Closeby there are other comments on this site from people who also worked at Pennhurst and claimed it wasn't all that bad. Maybe the word 'worked' is important here. it would be interesting to know the truth about the place but if a court case and God-only knows how many testimonies couldn't uncover it, maybe it will never be fully known.
The thought that some of the people in the place were 'fully-functioning' is very scary and depressing - even if it was the happiest institution on earth surely they shouldn't have been there! But I've heard it was once not so difficult to get a badly-behaved child or an oddball teenager sent to one of these places.
Perhaps this place should not be bulldozed for a parking lot or a Walmart, but be opened to the public as a museum and memorial, a reminder of terrible times past. And maybe, as Lynne has said, a section on modern standards of care and techniques should be included - to make it clear that this place represents a period in history and not the way things are done now... but also as a warning as to the results of a lack of funding and unhealthy social attitudes towards those who are different and feared.
Looks like a person in a red t-shirt clear across the other side of that room with his back to the camera to me. Definitely one of Motts's people, he just won't admit it, coz he knows how much this is driving everyone up a wall. Come on, bud. It's been two months now since all these comments started.
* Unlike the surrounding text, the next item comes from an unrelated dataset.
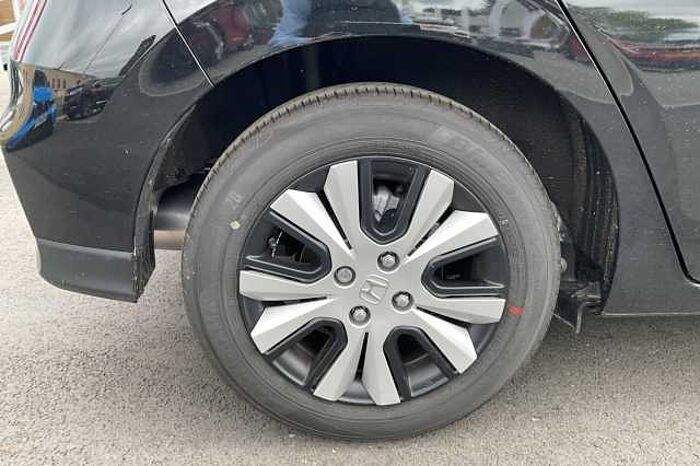 Honda Jazz Hybrid 1.5 i-MMD (122ps) Elegance eCVT 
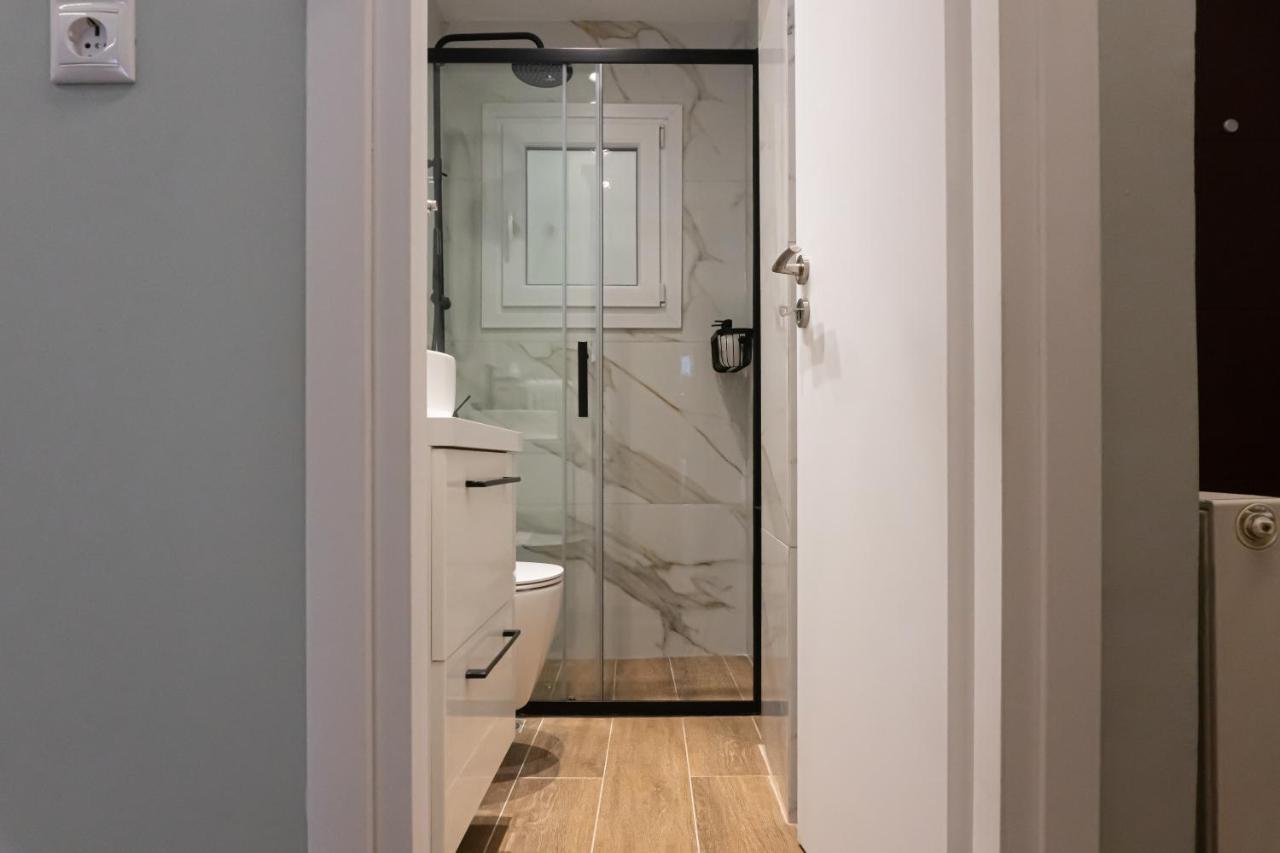 Elegant Suite - Pireus Exteriör bild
What gives?
Yep, we've been through a lot. Gallows humor is our way of coping with some of the sadness and pain. Keeps the nightmares away. Oh! How we sometimes NEED to laugh at funerals, too.
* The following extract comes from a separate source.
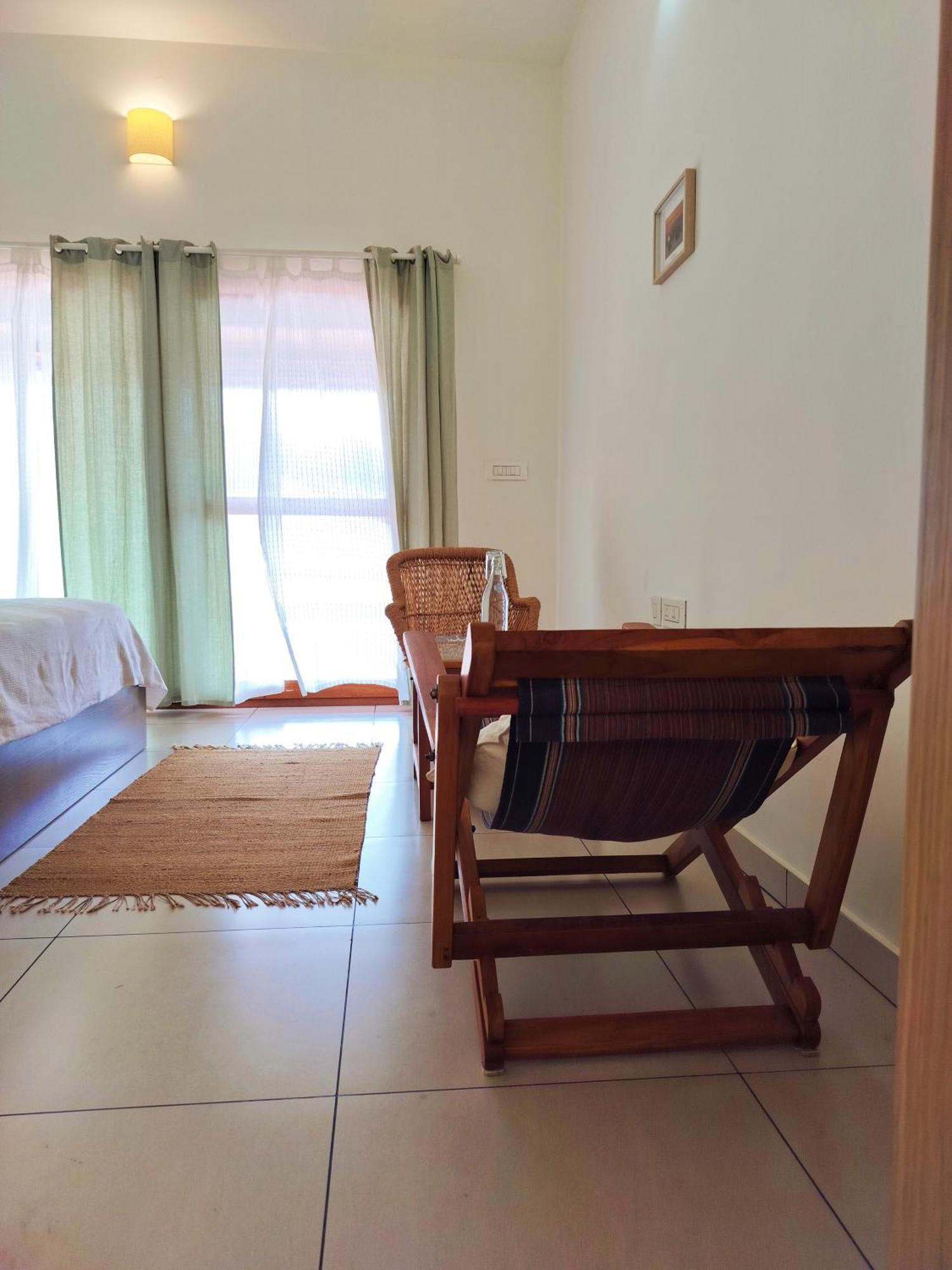 The Ixora - A Boutique Homestay Varkala Εξωτερικό φωτογραφία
My Grandmother and Great Aunt both worked here for years and I can tell you that both were loving and caring women. They worked mostly with the men or boys as they used to call them....there were alot of caring individuals that cared for the people at Pennhurst, but from their stories they caring were outweighed by the terrifying people that abused the people who lived there. This was not an easy place to work because my Grandmother would leave work and come home and she would comment that the boys in her ward were almost shell-shocked when she returned. God knows what happened to them when she was at home. She worked many hours without pay because she hated leaving them. Thank God this and other placed like this are no longer in use.
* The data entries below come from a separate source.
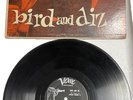 PARKER/ GILLESPIE - BIRD AND DIZ 1957 MGV-8006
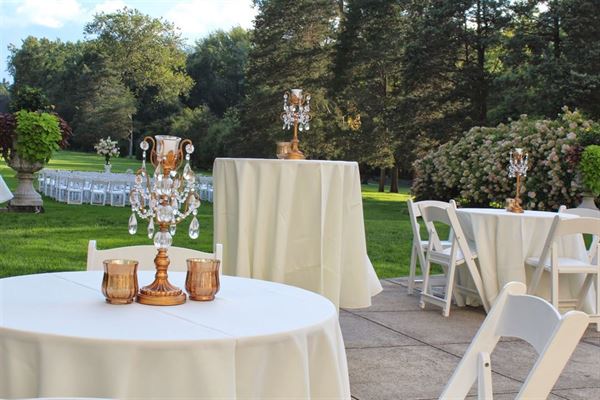 The Wadsworth Mansion At Long Hill Estate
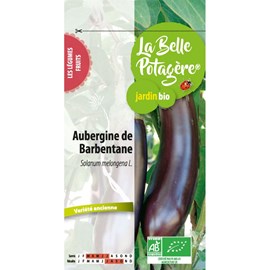 Aubergine de barbentane 0,15 g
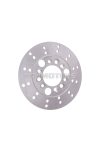 disc brake rotor Multi Disc d=190/58mm for Aprilia, Benelli, CPI , Malaguti, MBK, Peugeot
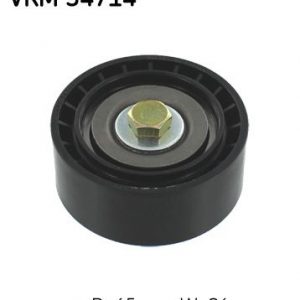 Ролик-натяжитель ручейкового ремня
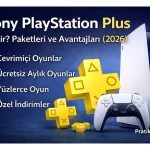 Sony PlayStation Plus Nedir? Paketleri ve Avantajları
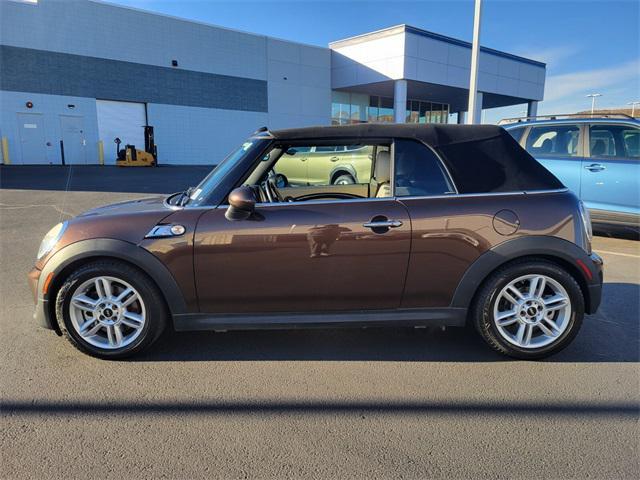 used 2011 MINI Cooper S car, priced at $9,990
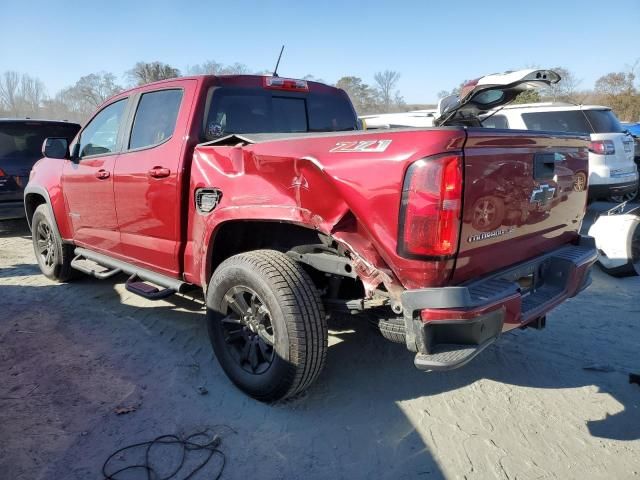 2019 Chevrolet Colorado Z71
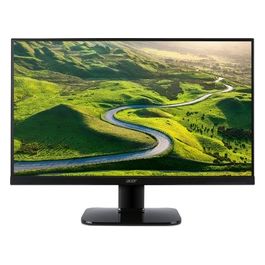 Vero V7 V277 E Monitor PC 27" 1920x1080 Pixel Full HD LCD Nero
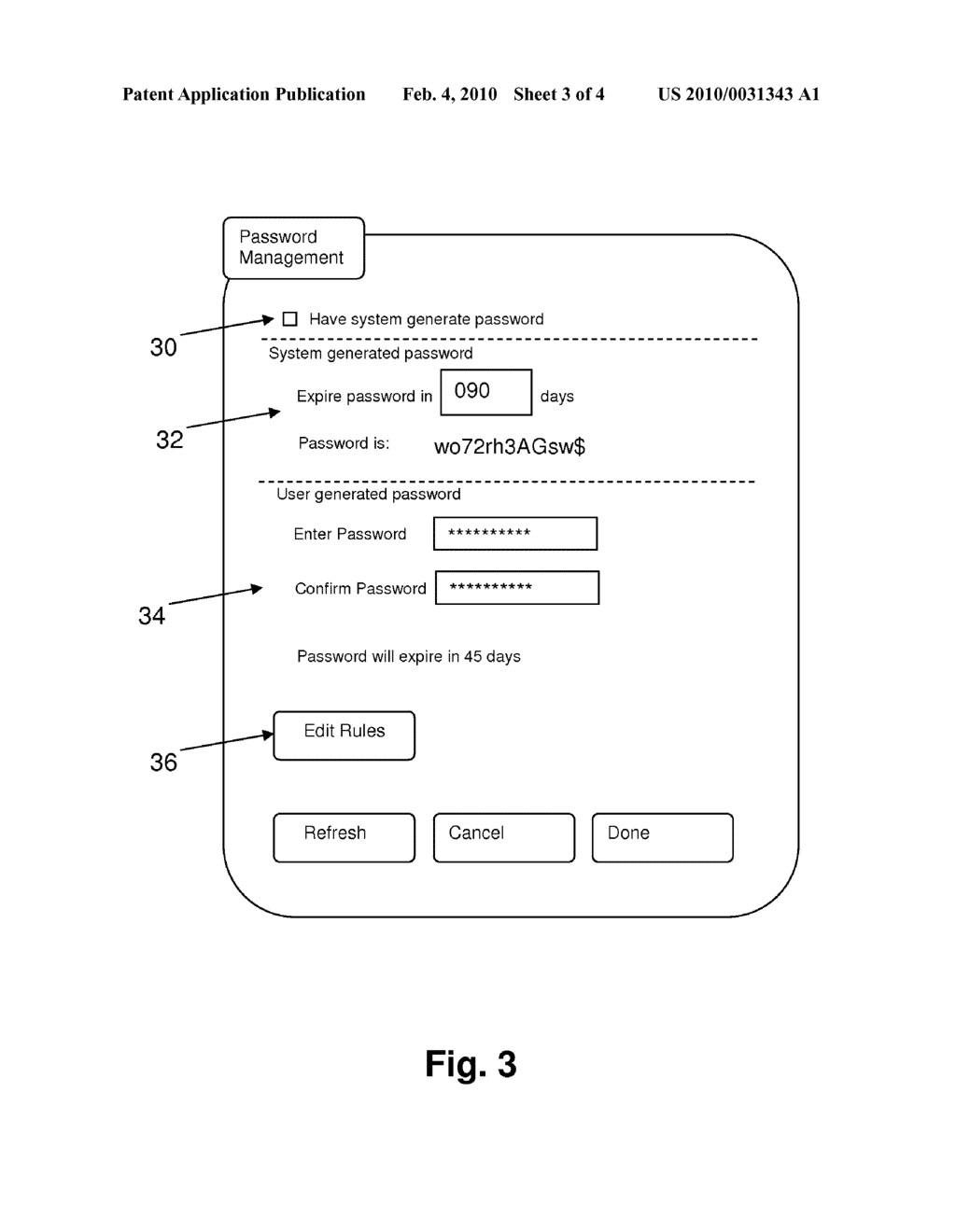 USER POLICY MANAGEABLE STRENGTH-BASED PASSWORD AGING - diagram, schematic, and image 04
The armored guard is there as is the veteran's hospital, but they don't shoot on sight. I grew up in the same town that Pennhurst is in and many ex-residents lived in my town all fully functioning adults that spent thier entire childhood locked up in this horrible place. It is a truly terrifying place to drive up to then and now even more so with all of the overgrown circles and different driveways into and out of the original buildings. Very scary...I would never venture up there without uttering some sort of cleansing prayer.